WORK TO BE COMPLETED »
In this exercise, the entries below include pictures. Repeat exactly the lines from the line with "The first item" to the line with "Under Your Connections, you", including both, but without the pictures.

Saved data entries »
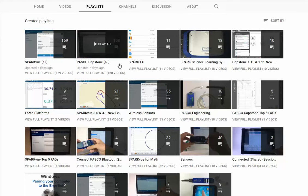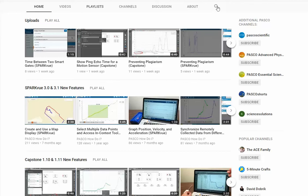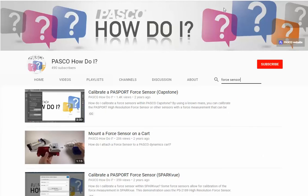Looking for a particular video? The search option at the top — the magnifying glass — when you click on it, allows you to enter in key search terms that will help you look for particular videos. It will search not only within the description and title of the video, but also for keywords that have been entered for that video.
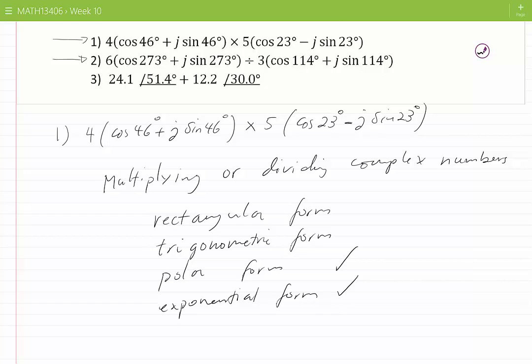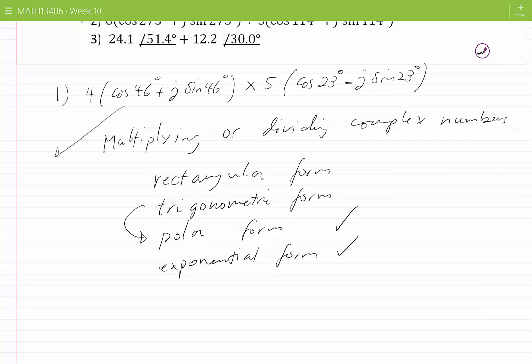In the example we're dealing with, we have the two complex numbers in trigonometric form. We prefer to convert them into polar or exponential form when multiplying them. I am going to use the polar form. In the first complex number, r equals 4 and theta equals 46 degrees. Therefore the first number can be represented as 4 at angle 46 degrees.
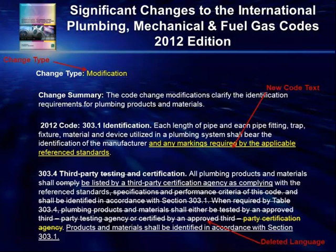Throughout this Significant Changes book, each change is accompanied by a photograph, an application example, or an illustration to assist and enhance the reader's understanding of the specific change. A summary and discussion of the significance of the changes are also provided. Each code change is identified by type — be it an addition, modification, clarification, or deletion. The code change itself is presented in a format similar to the style utilized for code change proposals. Deleted code language is shown with a strikethrough, whereas new code text is indicated by underlining. As a result, the 2012 code language is provided as well as a comparison with the 2009 language, so the user can easily determine changes to the specific code text.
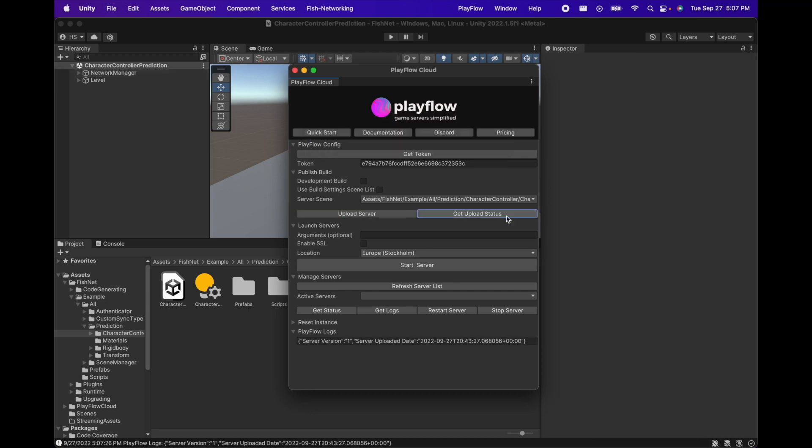Now the server upload could take some time so we can always use the get upload status button to see if a new version of our server has been uploaded.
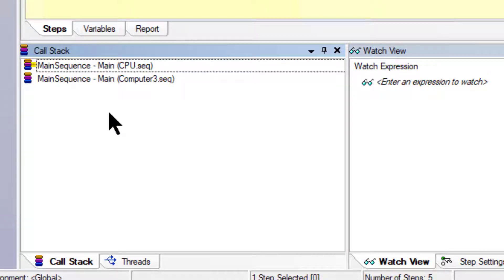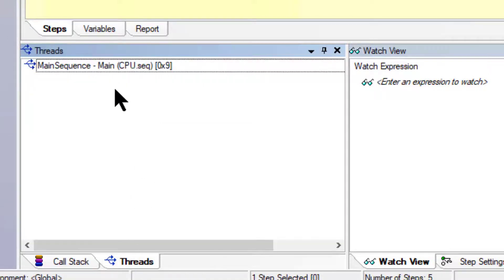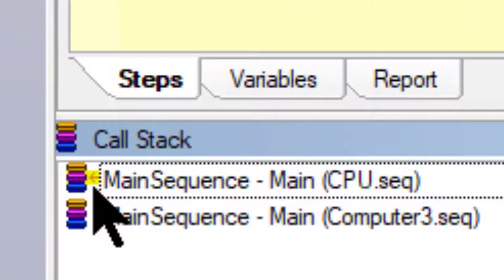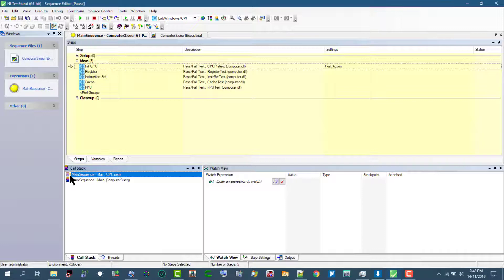The first item in the call stack is the most nested sequence invocation. The call stack pane displays the call stack for the execution thread currently selected on the threads pane. A yellow pointer icon appears to the right of the most nested sequence invocation while the sequence executes.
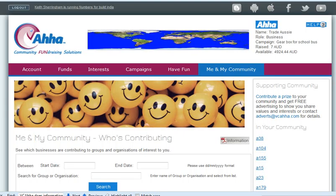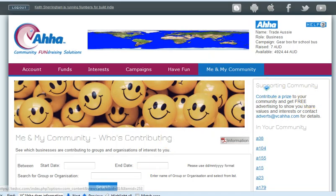Continuing with our training on the Me and My Community functionality, specifically the Who's Contributing feature. Now we're going to look at the third role, that of a business. We've covered off the individual, the group, and the organisation, and now we're looking at it from the business perspective. I'm logged in as our test business and I've done Me and My Community, Who's Contributing.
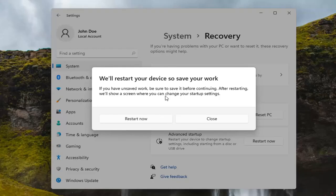After restarting, we'll show you a screen where you can change your startup settings. Go ahead and select Restart Now.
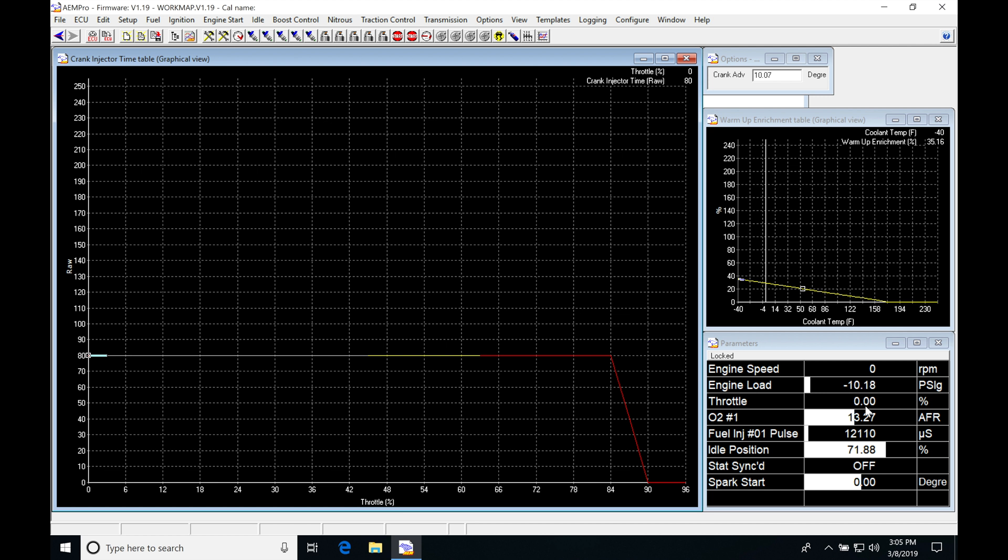I can get all the way off the throttle. Now I'm at zero throttle. If I get all the way on the throttle here and go full throttle, we can see that the injector pulse width actually went to...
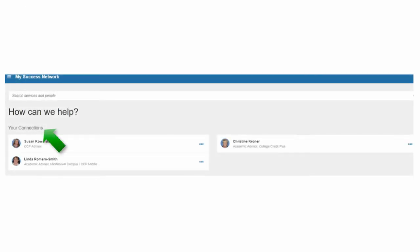Under Your Connections, you should see advisors, instructors, and tutors. Under Your Services are options for the Career Center, Counseling, Tutoring, Advising, and the Surge Cupboard.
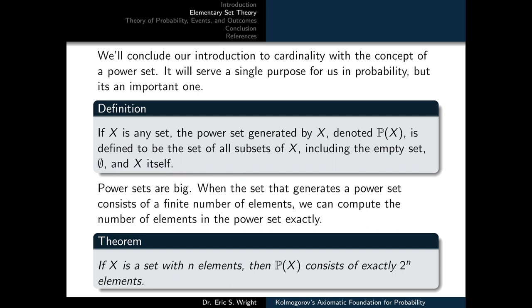We conclude the introduction to cardinality with the concept of a power set. If X is any set, the power set generated by X, denoted P(X), is the set of all subsets of X, including the empty set and X itself. Power sets are large: if X has n elements, then P(X) has exactly 2^n elements.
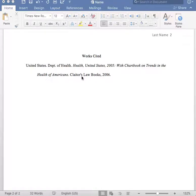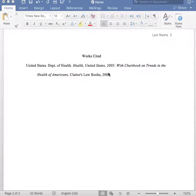After the name of the publisher, you place a comma, followed by the year of publication. You will close the citation with a period.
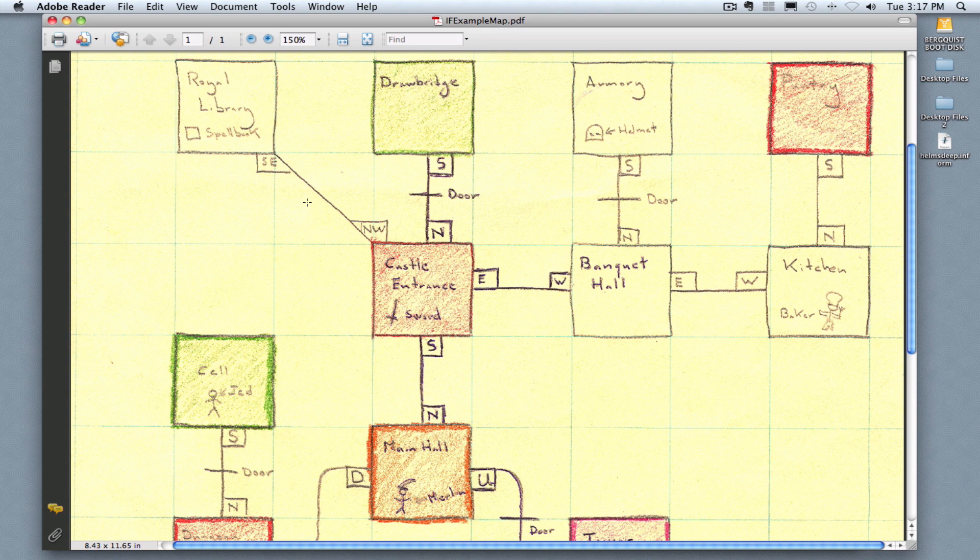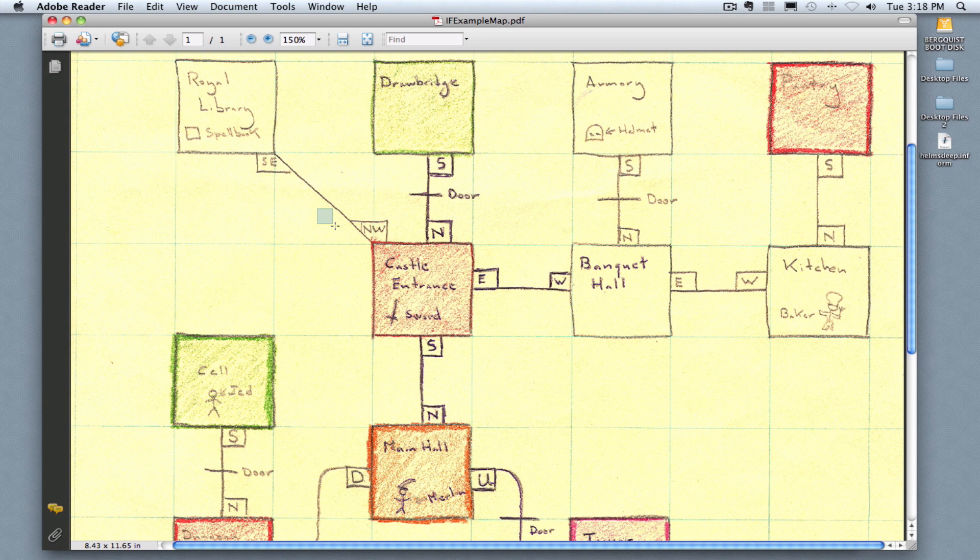In this tutorial, you're going to learn how to move from your map to the Inform 7 application, and I'm going to make my very first room in my game. So I'm going to work on this castle entrance. That's where I want the character to open up their game.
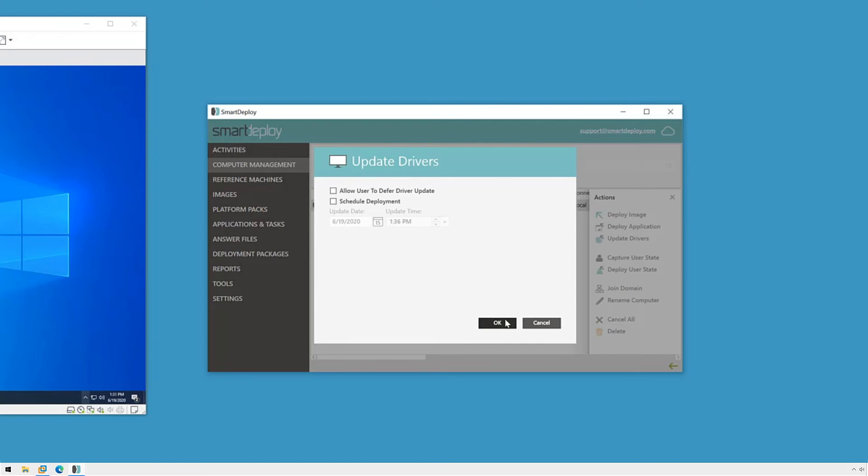Alternatively, you can schedule the update for after hours. I'll leave these deselected and click OK and confirm to kick this off now.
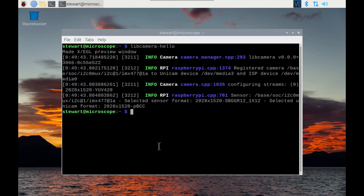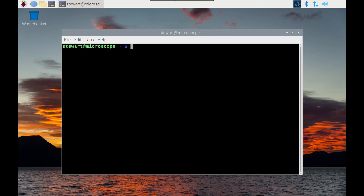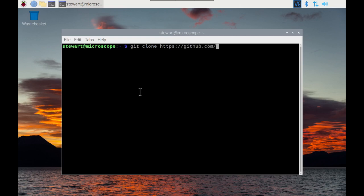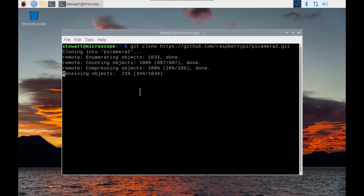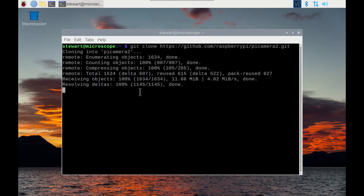I'm now going to download some of the example software. It's available on a git repository so we can just use git clone https://github.com/raspberrypi/picamera2.git and this is going to download it all into a directory called Pi Camera 2.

TASK RESPONSE »
The first item in the call stack is the most nested sequence invocation. The call stack pane displays the call stack for the execution thread currently selected on the threads pane. A yellow pointer icon appears to the right of the most nested sequence invocation while the sequence executes.
Continuing with our training on the Me and My Community functionality, specifically the Who's Contributing feature. Now we're going to look at the third role, that of a business. We've covered off the individual, the group, and the organisation, and now we're looking at it from the business perspective. I'm logged in as our test business and I've done Me and My Community, Who's Contributing.
After restarting, we'll show you a screen where you can change your startup settings. Go ahead and select Restart Now.
I can get all the way off the throttle. Now I'm at zero throttle. If I get all the way on the throttle here and go full throttle, we can see that the injector pulse width actually went to...
Under Your Connections, you should see advisors, instructors, and tutors. Under Your Services are options for the Career Center, Counseling, Tutoring, Advising, and the Surge Cupboard.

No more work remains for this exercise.